He indicado siempre a mis alumnos que no confundan la democracia con el acto de introducir una papeleta en una urna. A lo largo de la Historia, existen numerosos ejemplos de dictaduras que han intentado lavar su imagen a través de ese protocolo formal de convocar a los ciudadanos a meter un papel en una caja, en un intento vano de disfrazar su verdadera esencia dictatorial. El hecho en sí de votar no basta para transformarlo en una manifestación democrática. Dicho de otro modo, en todas las democracias se vota, pero no todas las votaciones son democráticas. Y ello es así porque la democracia, como forma de Estado, como valor superior, tiene sus reglas y, por lo tanto, sus límites. Si no se conocen o si, conociéndolos, se incumplen, las virtudes de la participación popular se convierten en defectos y las ventajas, en inconvenientes.

Se ha anunciado hace algunos días por parte del Ejecutivo catalán la fecha y la pregunta de lo que ellos denominan “referéndum” y que, además, defienden como modelo de “manifestación democrática”. Frente a los argumentos recibidos en contra de su iniciativa, responden que nada ni nadie se puede oponer a que el pueblo vote. Se enorgullecen de consultar a la población y de que ésta se exprese como lo considere más oportuno. Parece que no existen leyes que cumplir, ni tampoco normas que respetar. Lo suyo es permitir que los catalanes manifiesten su voluntad. Pero cometen el mismo error una y otra vez, al confundir de forma malintencionada la democracia con una fila de personas portando un sobre. Pues bien, aunque en un principio resulte chocante, no hay nada más autoritario ni más propio de regímenes totalitarios que la pretensión de tapar sus atropellos a las normas y a los límites legales a base de baños de multitudes y de fuegos artificiales que devienen cómplices de la vulneración del ordenamiento jurídico.

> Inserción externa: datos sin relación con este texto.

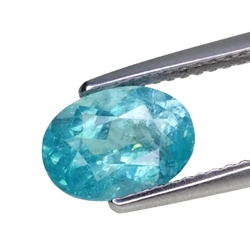 1.61CTS Blue Green natural apatite oval cut loose gemstones " see video "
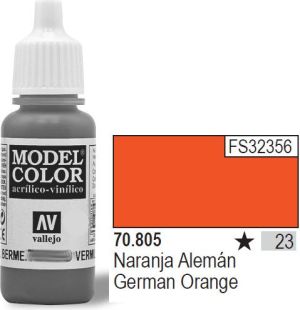 Vallejo Farba Nr23 German Orange 17ml - 70805 1
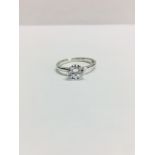 Platinum Diamnd Solitaire Ring,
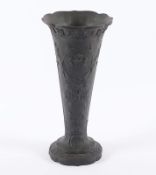 VASE, Keramik, "black basalt", H 29,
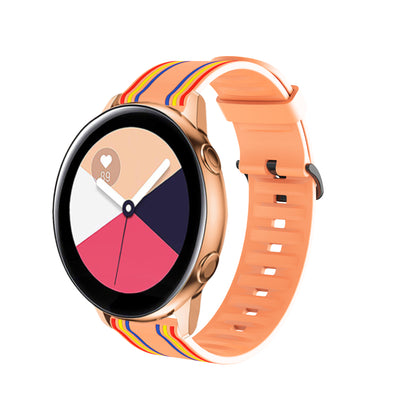 22mm Twill Color-blocking Silicone Strap for Samsung Gear S3/Galaxy Watch 46mm/Huawei GT2 46mm/Huami Amazfit Watch 1/2/GTR 47mm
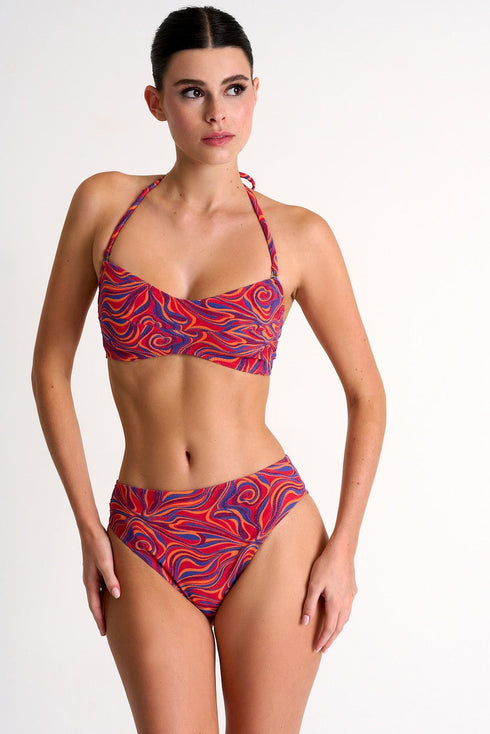 Stylish Bandeau Bikini Top - 42440-26-955 04 / 955 Zoé / 52% POLYESTER,41% POLYAMIDE, 7% LY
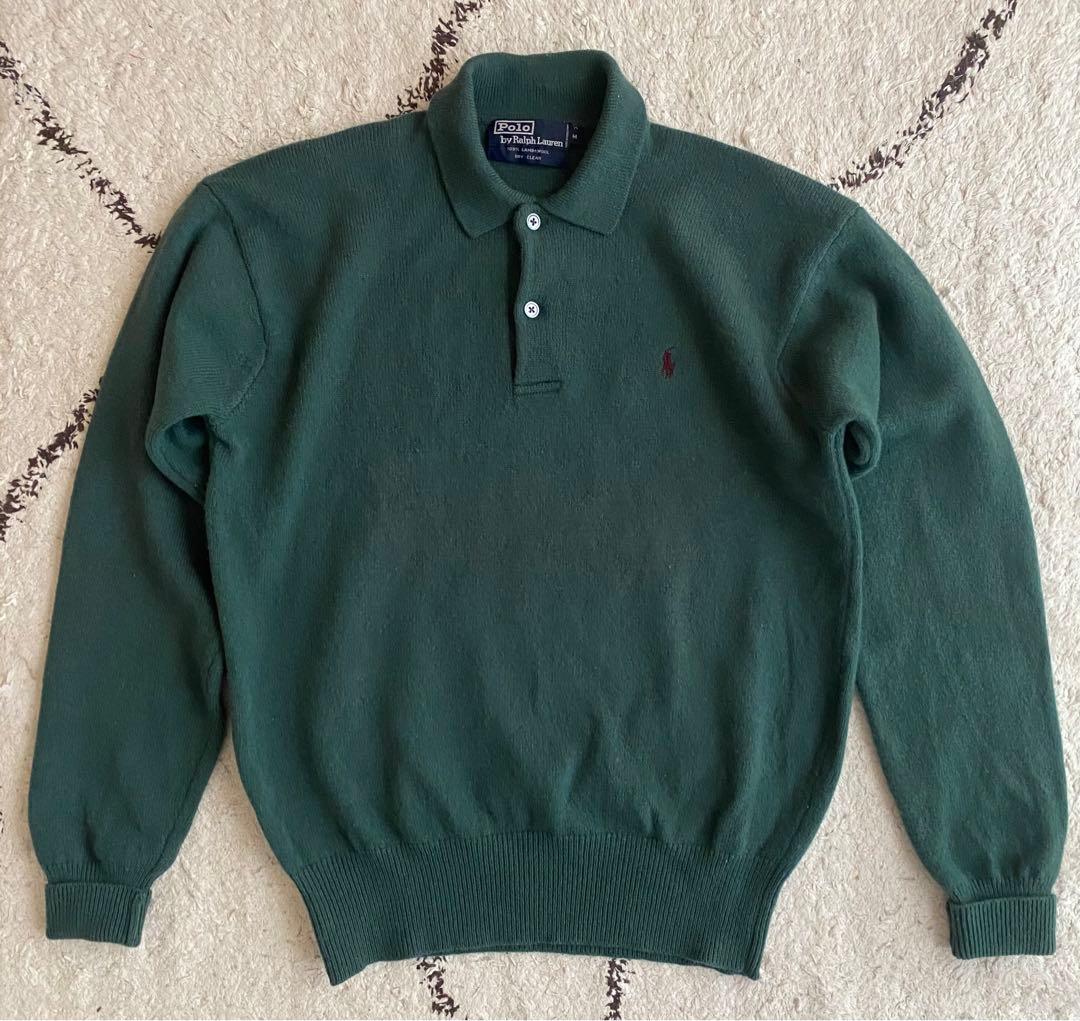 90s Polo by Ralph Lauren ポロニット ラムウール - メルカリ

Recientemente, el fiscal del caso Palau -donde se juzga el expolio del Palau de la Música de Barcelona por parte de quien era su presidente, y que apunta directamente a la financiación irregular de Convergencia Democrática de Cataluña como partido político-, lanzó una frase muy contundente: «En este caso hay un círculo sociopolítico muy determinado en el que parece que una bandera justifica casi cualquier atropello con la cartera». Siguiendo con el símil, los partidos nacionalistas catalanes se han acostumbrado a justificar con su bandera cualquier atropello, ya sea a la cartera de los contribuyentes o a la legalidad. El uso sesgado y partidista de los símbolos y la manipulación torticera del sentimiento patriótico son sus herramientas más útiles para olvidar la magnitud de los delitos e ilegalidades que se están cometiendo. Porque lo cierto es que se ha entrado ya de lleno en el terreno del Derecho Penal. En el de los delitos y los delincuentes. El Tribunal Superior de Justicia de Cataluña ha condenado al ex presidente Mas, a la ex vicepresidenta Joana Ortega y la ex consejera de Enseñanza Irene Rigau por delitos de desobediencia, y existen más causas penales abiertas contra otros cargos públicos por este mismo proceso al que, eufemísticamente, denominan “desconexión”.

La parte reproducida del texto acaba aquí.